Onboard the dotnet/issue-labeler for 'area-' label prediction on issues (#9889)

* [Issue-Labeler] Configure labeler-train.yml Configure the issue-labeler training workflow. - Imported the workflow template - Removed inputs, jobs, and conditions related to pull requests, as we will only use the labeler for issues in this repository * [Issue-Labeler] Configure labeler-promote.yml Configure the issue-labeler promotion workflow. - Imported the workflow template - Removed input and job for pull requests, as we will only use the labeler for issues in this repository * [Issue-Labeler] Configure labeler-predict-issues.yml Configure the issue-labeler issue prediction workflow. - Imported the workflow template - Removed the excluded_authors input * [Issue-Labeler] Configure labeler-cache-retention.yml Configure the issue-labeler cache retention workflow. - Imported the workflow template - Removed config related to pull requests, as we will only use the labeler for issues in this repository * [Issue-Labeler] Add labeler onboarding/configuration doc * Bump superlinter to v7 (via SHA) to get type:number support in GitHub workflows * Address CHECKOV lint errors in GitHub workflows * Ignore GitHub workflow files from prettier * Explicitly set workflow permissions * Comment that UTC is used for cron schedule
2025-12-19 09:50:46 -05:00 · 2025-06-23 15:00:12 -07:00
parent 2b337e1b84
commit 5d3e41fafb
10 changed files with 280 additions and 4 deletions
--- a/.checkov.yml
+++ b/.checkov.yml
@@ -0,0 +1,10 @@
+---
+# Available properties:
+# https://github.com/bridgecrewio/checkov#configuration-using-a-config-file
+
+skip-check:
+  # CKV_GHA_7: "The build output cannot be affected by user parameters other
+  # than the build entry point and the top-level source location. GitHub
+  # Actions workflow_dispatch inputs MUST be empty."
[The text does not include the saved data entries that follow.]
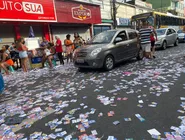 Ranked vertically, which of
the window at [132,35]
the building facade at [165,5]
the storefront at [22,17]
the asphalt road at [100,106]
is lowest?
the asphalt road at [100,106]

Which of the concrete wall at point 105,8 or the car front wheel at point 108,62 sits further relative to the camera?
the concrete wall at point 105,8

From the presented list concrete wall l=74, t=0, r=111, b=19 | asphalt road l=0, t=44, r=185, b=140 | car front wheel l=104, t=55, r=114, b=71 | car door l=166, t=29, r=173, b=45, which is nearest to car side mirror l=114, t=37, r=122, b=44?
car front wheel l=104, t=55, r=114, b=71

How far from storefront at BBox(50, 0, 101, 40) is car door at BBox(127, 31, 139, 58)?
8.51 metres

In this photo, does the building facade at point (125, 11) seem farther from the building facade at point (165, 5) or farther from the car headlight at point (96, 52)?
the building facade at point (165, 5)

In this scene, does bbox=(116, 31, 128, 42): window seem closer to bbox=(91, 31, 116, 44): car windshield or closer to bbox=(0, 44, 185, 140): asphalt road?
bbox=(91, 31, 116, 44): car windshield

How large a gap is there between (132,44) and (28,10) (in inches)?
325

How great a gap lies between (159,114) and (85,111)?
1.46 meters

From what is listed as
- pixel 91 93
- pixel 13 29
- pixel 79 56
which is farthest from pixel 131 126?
pixel 13 29

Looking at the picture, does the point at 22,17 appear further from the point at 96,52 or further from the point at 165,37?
the point at 165,37

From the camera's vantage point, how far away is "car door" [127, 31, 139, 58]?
8.59 metres

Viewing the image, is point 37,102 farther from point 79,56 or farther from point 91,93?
point 79,56

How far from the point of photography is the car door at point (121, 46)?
7.77 meters

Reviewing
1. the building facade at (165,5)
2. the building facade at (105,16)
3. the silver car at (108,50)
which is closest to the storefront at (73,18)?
the building facade at (105,16)

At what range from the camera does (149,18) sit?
1927cm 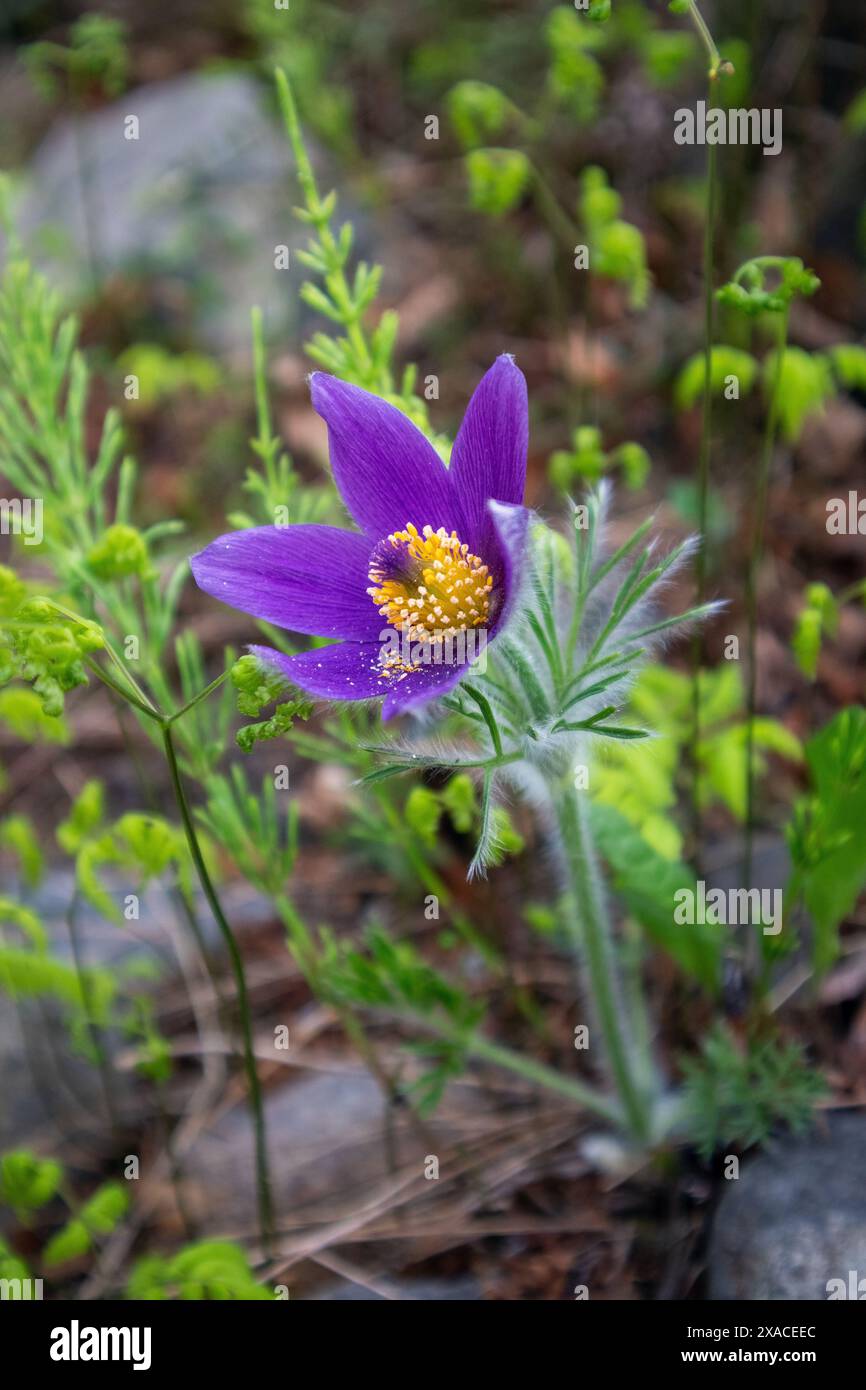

+  # Suppressed as issue-labeler workflows require `workflow_dispatch` inputs.
+  - CKV_GHA_7
--- a/.github/workflows/labeler-cache-retention.yml
+++ b/.github/workflows/labeler-cache-retention.yml
@@ -0,0 +1,36 @@
+# Workflow template imported from:
+# https://github.com/dotnet/.github/workflow-templates
+#
+# Regularly restore the prediction model from cache to prevent cache eviction
+name: "Labeler: Cache Retention"
+
+# For more information about GitHub's action cache limits and eviction policy, see:
+# https://docs.github.com/actions/writing-workflows/choosing-what-your-workflow-does/caching-dependencies-to-speed-up-workflows#usage-limits-and-eviction-policy
+
+on:
+  schedule:
+    - cron: "24 12 * * *" # 12:24 UTC every day (arbitrary time daily)
+
+  workflow_dispatch:
+    inputs:
+      cache_key:
+        description: "The cache key suffix to use for restoring the model from cache. Defaults to 'ACTIVE'."
+        required: true
+        default: "ACTIVE"
+
+env:
+  CACHE_KEY: ${{ inputs.cache_key || 'ACTIVE' }}
+
+permissions: {}
+
+jobs:
+  restore-cache:
+    # Do not automatically run the workflow on forks outside the 'dotnet' org
+    if: ${{ github.event_name == 'workflow_dispatch' || github.repository_owner == 'dotnet' }}
+    runs-on: ubuntu-latest
+    steps:
+      - uses: dotnet/issue-labeler/restore@46125e85e6a568dc712f358c39f35317366f5eed # v2.0.0
+        with:
+          type: "issues"
+          cache_key: ${{ env.CACHE_KEY }}
+          fail-on-cache-miss: true
--- a/.github/workflows/labeler-predict-issues.yml
+++ b/.github/workflows/labeler-predict-issues.yml
@@ -0,0 +1,59 @@
+# Workflow template imported from:
+# https://github.com/dotnet/.github/workflow-templates
+#
+# Predict labels for Issues using a trained model
+name: "Labeler: Predict (Issues)"
+
+on:
+  # Only automatically predict area labels when issues are first opened
+  issues:
+    types: opened
+
+  # Allow dispatching the workflow via the Actions UI, specifying ranges of numbers
+  workflow_dispatch:
+    inputs:
+      issues:
+        description: "Issue Numbers (comma-separated list of ranges)."
+        required: true
+      cache_key:
+        description: "The cache key suffix to use for restoring the model. Defaults to 'ACTIVE'."
+        required: true
+        default: "ACTIVE"
+
+env:
+  # Do not allow failure for jobs triggered automatically (as this causes red noise on the workflows list)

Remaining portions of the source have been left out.